Founded in 1926, the Larco Museum houses the largest private collection of Peruvian pre-Colombian art. There are more than 45,000 pieces, mostly Nasca ceramics, that were found and restored by Rafael Larco Hoyle and his father. Rafael Larco Hoyle had a sharp eye for Peru's ancient crafts. Before his collection was turned into a museum, some of the ceramics were used for home decoration or drinking chicha (corn beer).
The first part of the museum shows northern Peruvian crafts, while the other two parts show Peru's crafts from the southern, central, and highlands regions. These exhibits give a comprehensive view of the cultures that existed from 7000 BC to the 16th century.
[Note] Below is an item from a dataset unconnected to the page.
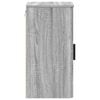 vidaXL Ντουλάπι Μπάνιου με αποθήκευση Γκρι sonoma 30 x 31,5 x 61 εκ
The gold and silver collections are particularly impressive. Gold was seen as the metal of the sun, day and masculinity; silver carried the same value as gold, but was seen as the metal of the moon, night and women. Metals were buried with the dead as an offering to the gods.
Separate from the main house is a gallery of ancient erotic art and a lush garden. The museum also has textiles on display, including the world record Paracas fragment that shows 389 threads to 1 inch.
The whole museum has a serene and homely feel. The garden restaurant is a perfect spot for refreshments or a bite to eat.